Thank you , Thank you. Any and all donation can be made directly to my ring gauge. :r


----------



## EvanS (Dec 29, 2006)

I think you may all be missing the best opportunity here.
You agreed to remodel, right?
And this is because she also agreed to allow more ISOMs, right?
What a combo - I can smell a "contractor error" coming during the remodel. One that is virtually unfixable by reasonable means. One that leads to you and the missus looking at the problem and coming to the obvious conclusion that turning this error into a walk-in humidor is the only rational solution.


----------



## lenguamor (Nov 23, 2006)

EvanS said:


> I think you may all be missing the best opportunity here.
> You agreed to remodel, right?
> And this is because she also agreed to allow more ISOMs, right?
> What a combo - I can smell a "contractor error" coming during the remodel. One that is virtually unfixable by reasonable means. One that leads to you and the missus looking at the problem and coming to the obvious conclusion that turning this error into a walk-in humidor is the only rational solution.


We have a winner!


----------



## RPB67 (Mar 26, 2005)

stevieray said:


> My wife thinks that I have totally lost it. After smoking my first ISOM the other day I was discussing the need to procure some more "darkside" cigars. She hits me with the " dont you have enough cigars in the 2 humidors on your desk and the cooler in your closet" response. I have to admit its not the easiest thing to explain to somebody that doesn't appreciate cigars. Anyway, after a 20 minute discussion about my over abundance of cigars, I sit here typing this post feeling guilty about my cigar collection and trying to figure out how my talk of cigars led to my wife talking me into remodeling another part of our house.
> Oh well, I guess it's time to call the contractor.......

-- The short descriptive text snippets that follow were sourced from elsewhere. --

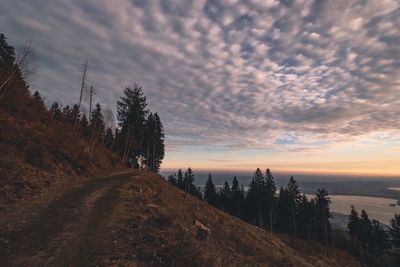 Road amidst trees against sky during sunset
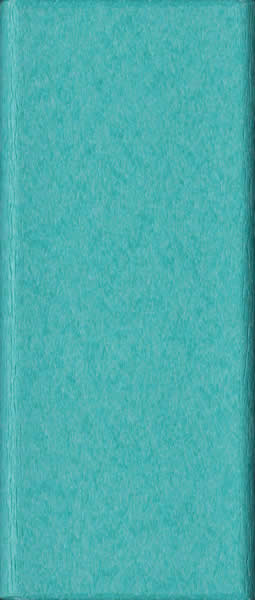 LLC-Turquoise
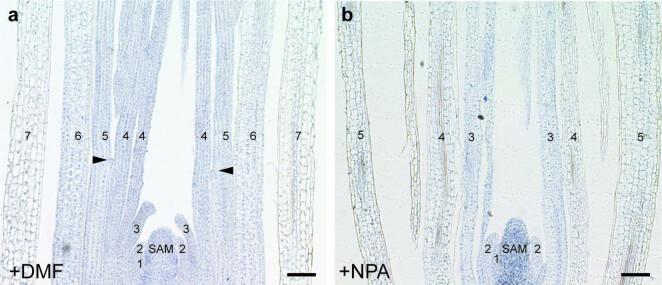 https://cdn.ncbi.nlm.nih.gov/pmc/blobs/b9d0/10200708/00043e3cc298/41477_2023_1405_Fig15_ESM.jpg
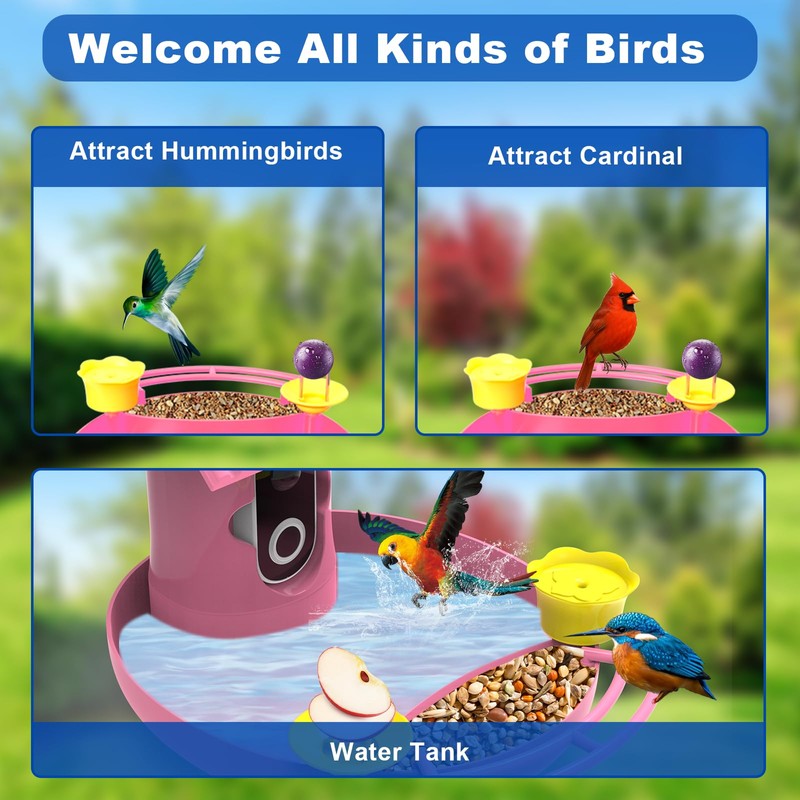 Bird Feeder with Camera - 4K HD Live View, Smart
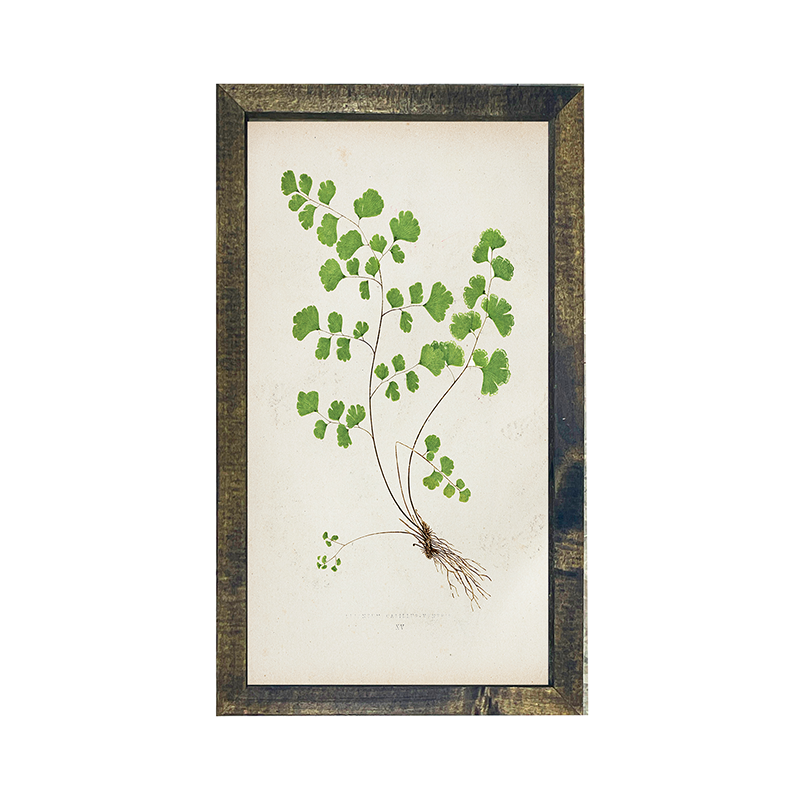 Fern-clover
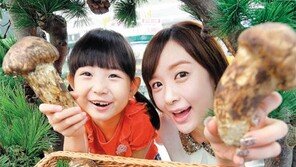 “차마고도 자연송이 맛보세요”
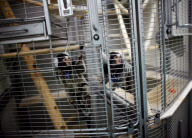 Monkeys at an animal testing centre in the UK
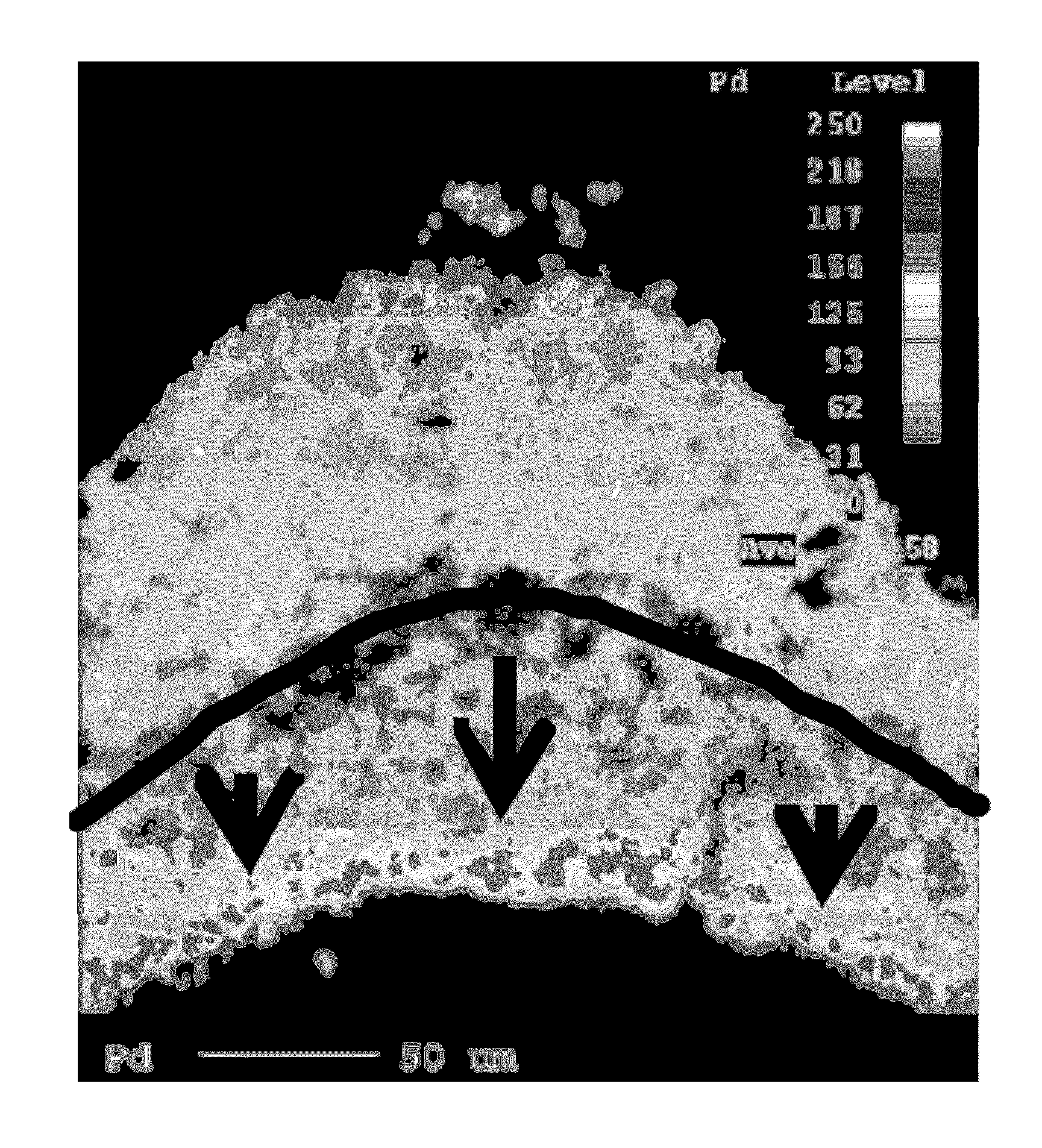 Oxidation catalyst for a combustion engine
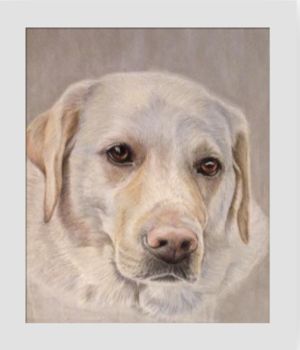 Personalised Pet Portrait Commission, 11 of 12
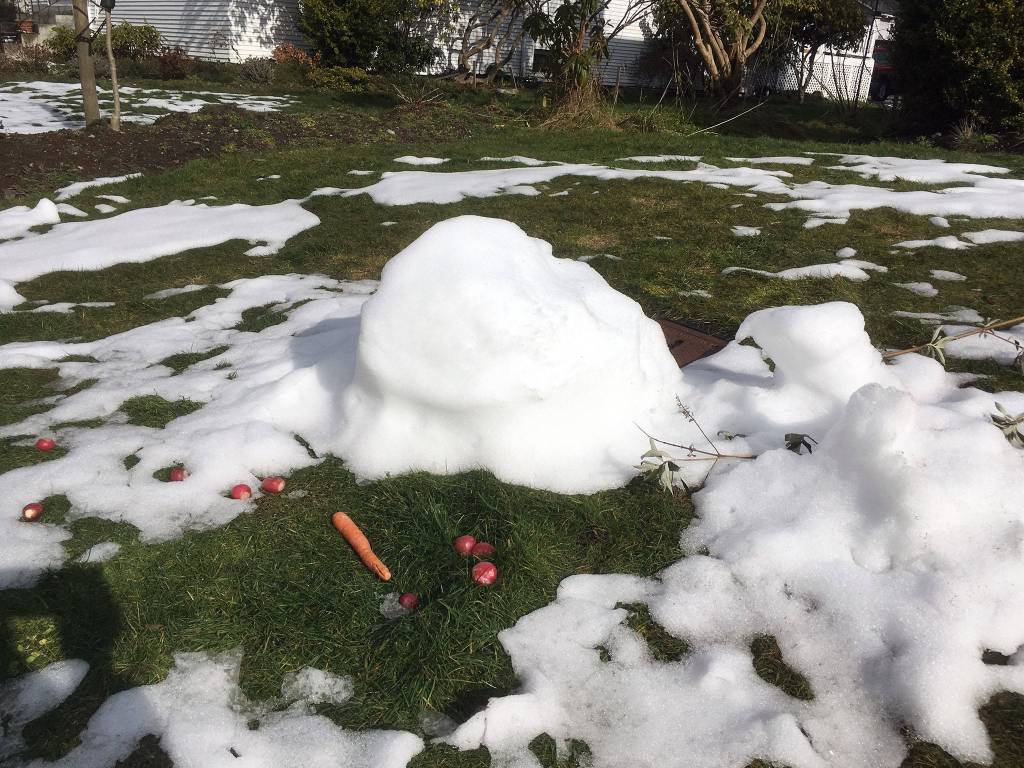 Radishes. (Sue Misao / The Herald)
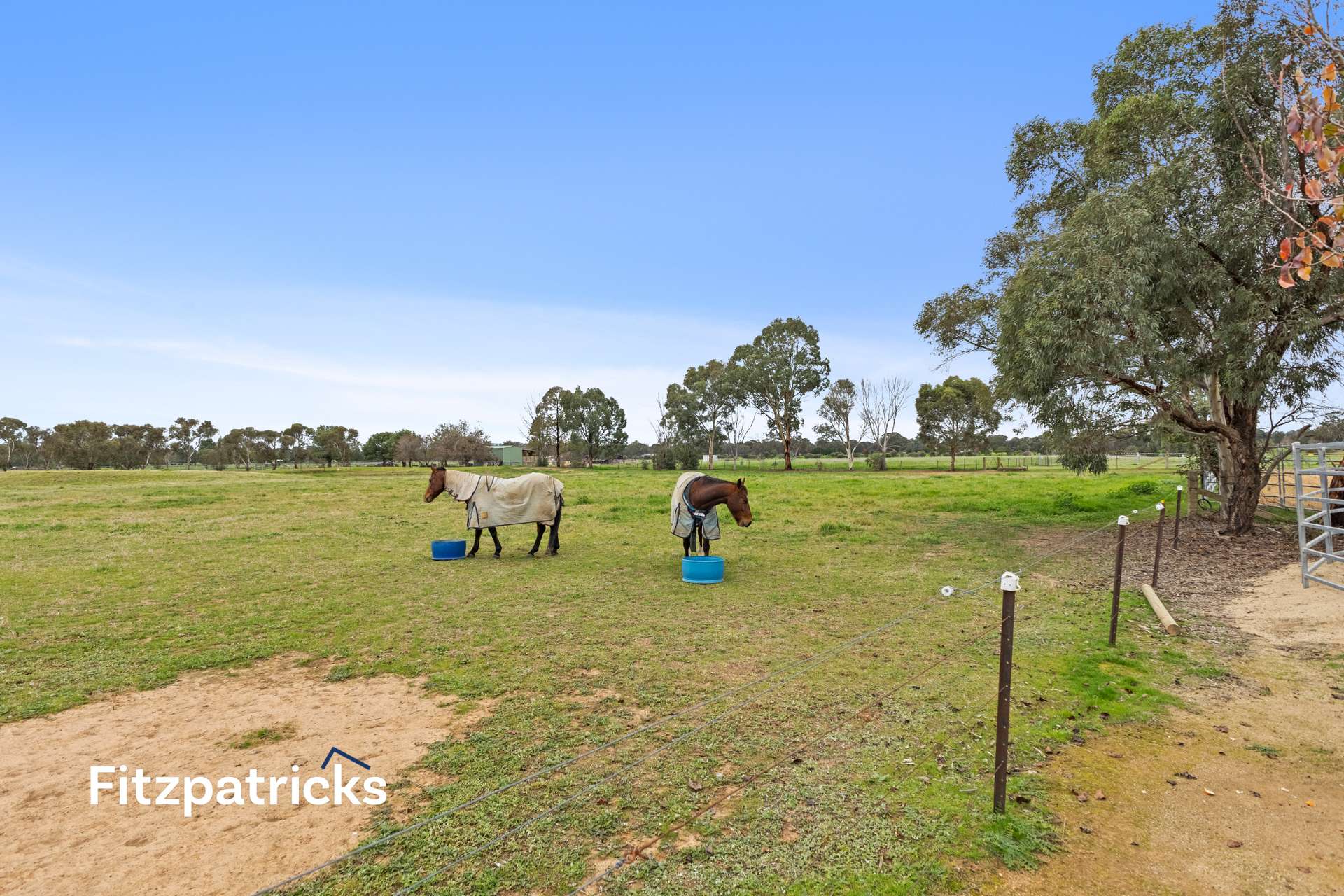 62 Rosevale Drive, Lake Albert For Sale by Farmbuy.com - image 24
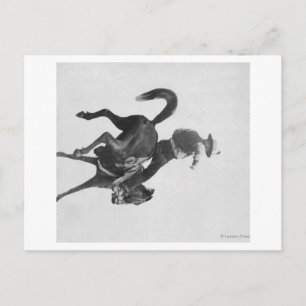 Postal Vaquero Ned Coy montando un potro bronco llamado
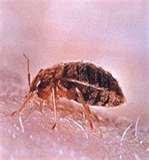 photos of How Do Bed Bugs Feed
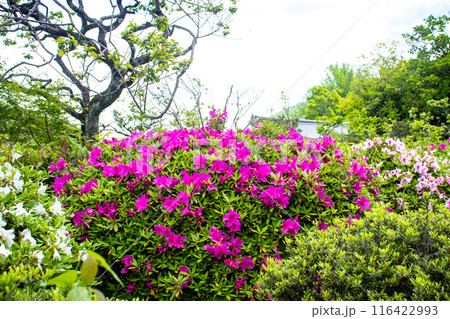 【京都風景】随心院のつつじ 【京都風景】随心院のつつじ 116422993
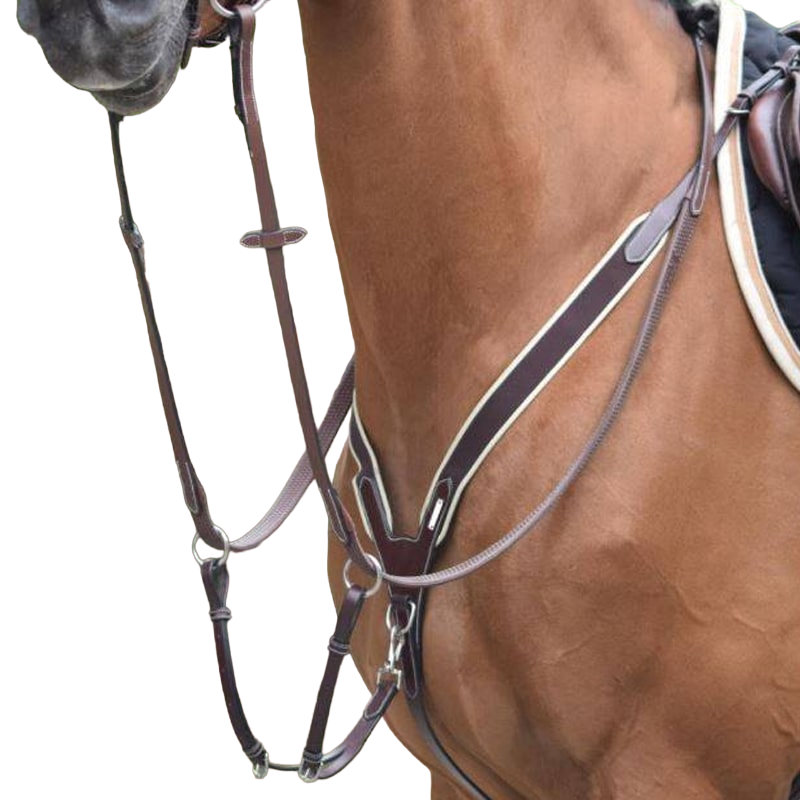 Jump'In - Collier de chasse élastique + martingale One Noisette | - Ohlala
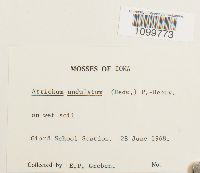 Atrichum undulatum image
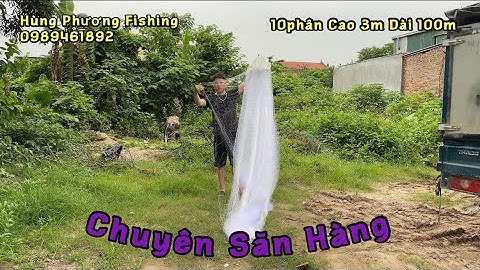 Lưới Chinhfa 10cm Cao 3m Chuyên Săn Cá To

Just go point to her pocketbooks and shoes.


----------



## cls515 (Sep 28, 2005)

I can't see how you could let her stop you from doing something you enjoy, so long as stated above, it is not putting you in financial jeopardy.


----------



## stevieray (Sep 28, 2006)

thanks for the replies....basically my post was just to vent a little bit. Its funny because since I found this site I check it daily, post a little and read other posts. Basically it's all about cigars. So when I talk to my wife lately about what's on my mind it's all about....you guessed it ...cigars. My wife can't understand what my obsession is with cigars. Now on the other hand maybe my wife is obsessed with remodeling our house.....I'll have to suggest that she do a google search for ClubRemodel.com......


----------



## stevieray (Sep 28, 2006)

RPB67 said:


> Just go point to her pocketbooks and shoes.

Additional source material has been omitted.